"CLarke" <(E-Mail Removed)> wrote in message
news:2489BD8F-F8F3-470F-8A17-(E-Mail Removed)...
> I have a RRAS server on an SBS 2003 box and it works well for Windows
> clients. I thought I would try and get smart and install a WIndows XP Pro
> workstation with two Network cards and enable routing on the workstation.
> the intention was for this to be a router, It would get a VPN connection
> with
> the server across the internet, and the clients would not have to
> individually make there connections to the VPN server.
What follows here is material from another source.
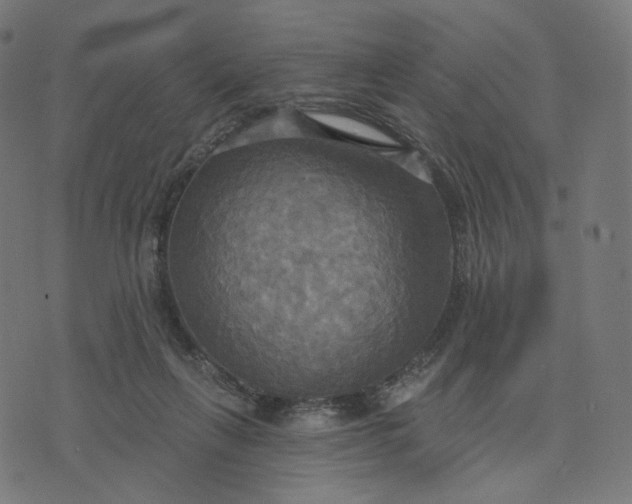 X0000070360263200606231630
Sort of a Site to
> Site VPN, but one side is 2003, and the other is XP. I can get the PC
> making
> the connection to work on the VPN, but as soon as I ask any clients in the
> Internal NIC of the XP pro PC to use ping though the router we get no
> reply.
>
> RRAS server 192.168.50.1/GW 192.168.50.254
> Router 192.168.50.254/204.x.x.x
>
> Windows XP NIC1/Internal 192.168.10.1/GW 192.168.11.1
> Windows XP NIC2/External 192.168.11.1/GW 192.168.11.254
> Router 192.168.11.254/158.x.x.x
>
> Clients 192.168.10.10-20/GW 192.168.10.1
> I hope this explains what I am tring to do. basically i want to stop the
> PC's using Software and isntall a small XP Pro Workstation which will
> actually create the VPN and use XP as the router. Like I said above I can
> surf and use DNS on the network from 192.168.10.1 the PC that creates the
> VPN, but when I try it on the clients 192.168.10.20-30 I get nothing.
> Any ideas, or cna this not be done.
Routing is a two way process. Getting traffic from one site to the other
is not sufficient. You also need routes to get the replies back again.
Site to site routing works, but it is not as simple as that. You really
need a server/router at each end. With a RRAS server at each end you can
link the static routes needed to route between subnets to demand-dial
interfaces, and then connect using these demand-dial interfaces as
connection points. There is really no way to do it with XP. You can route
traffic to the XP machine, but not to the subnet behind it.